O documentário de Francisca Marvão foi apresentado no Indie Lisboa, estamos a caminhar para 3 anos, e será agora introduzido ao streaming pela mão da FilmIn, o que não deixa de ser curioso para um filme que claramente mergulha num género que depende da reinvenção constante para sobreviver, ser no fim trazido ao público geral através do tipo de plataforma que veio reinventar a forma como consumimos o cinema.
A nova vida dada a Ela é uma Música e a outros filmes como este, construídos com recursos escassos e uma gigante paixão, é talvez o maior argumento a favor destes serviços na discussão que opõe o streaming às salas de cinema, e que parece não ter fim à vista, muito menos consenso. Felizmente, este documentário que se propõe a cartografar o caminho percorrido pelo rock feito no feminino desde os primeiros passos de Zurita Oliveira nos anos 60′ até à modernidade quase anárquica das Panela Depressão ou Clementine, e que conta com vozes como Lena D’Água, Xana dos Rádio Macau, Ana Deus dos Três Tigres Tristes ou Ana da Silva das The Raincoats para contar as suas histórias.

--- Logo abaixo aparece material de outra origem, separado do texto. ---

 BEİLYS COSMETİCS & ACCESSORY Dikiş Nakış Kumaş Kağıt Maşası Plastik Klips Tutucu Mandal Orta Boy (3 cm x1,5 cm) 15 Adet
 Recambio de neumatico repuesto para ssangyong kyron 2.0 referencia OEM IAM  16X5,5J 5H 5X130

A verdade é que documentários talking heads, quando protagonizados por intervenientes, não só batidos no assunto, mas verdadeiramente apaixonados por este, tornam até uma conversa sobre selos postais dos anos 40’ algo aceitavelmente watchable. Já Ela é uma Música traz as suas vozes para cafés típicos com pão, queijo, álcool e uma bagagem de nostalgia e otimismo para com o futuro, que se torna muito mais que um filme com um tema central interessante, mas também uma viagem pelas memórias que a história coletiva apagou, como tantas vezes aconteceu a grupos artísticos de diferentes mediums que não fossem constituídos por homens brancos cis.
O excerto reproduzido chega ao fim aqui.